- **ACTION ITEM**
Taking the entries below, transcribe only the lines starting with the one with "AI-Powered Design Tools: Future or Threat?" and going on through the one with "Patel, Jitesh K.", exactly as written, without the pictures.

- **AVAILABLE RECORDS**
□ □ □ □ □ □ □
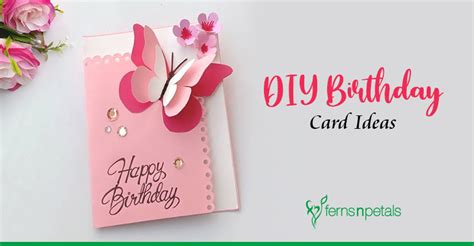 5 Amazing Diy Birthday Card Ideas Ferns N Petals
□ □ □ □ □ □ □
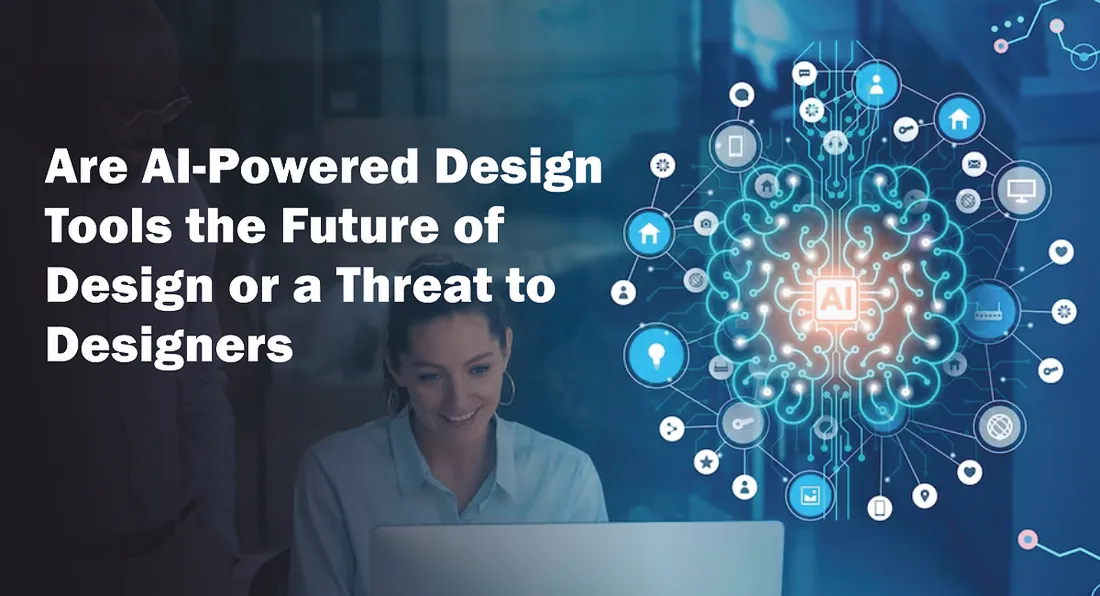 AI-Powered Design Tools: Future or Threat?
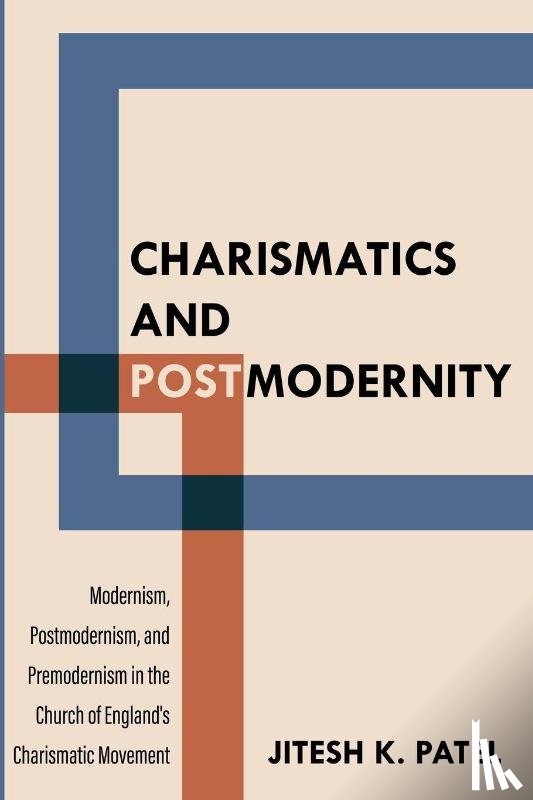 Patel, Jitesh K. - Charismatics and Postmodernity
□ □ □ □ □ □ □
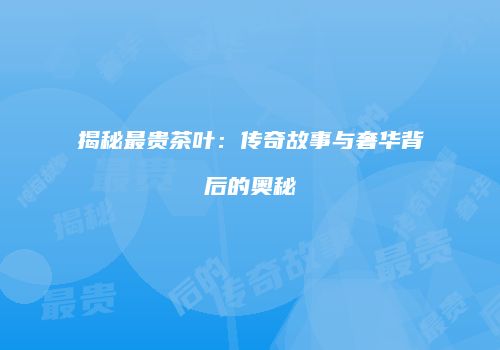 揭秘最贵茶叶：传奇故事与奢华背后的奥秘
□ □ □ □ □ □ □
- **RESPONSE TO THIS TASK**
 AI-Powered Design Tools: Future or Threat?
 Patel, Jitesh K. - Charismatics and Postmodernity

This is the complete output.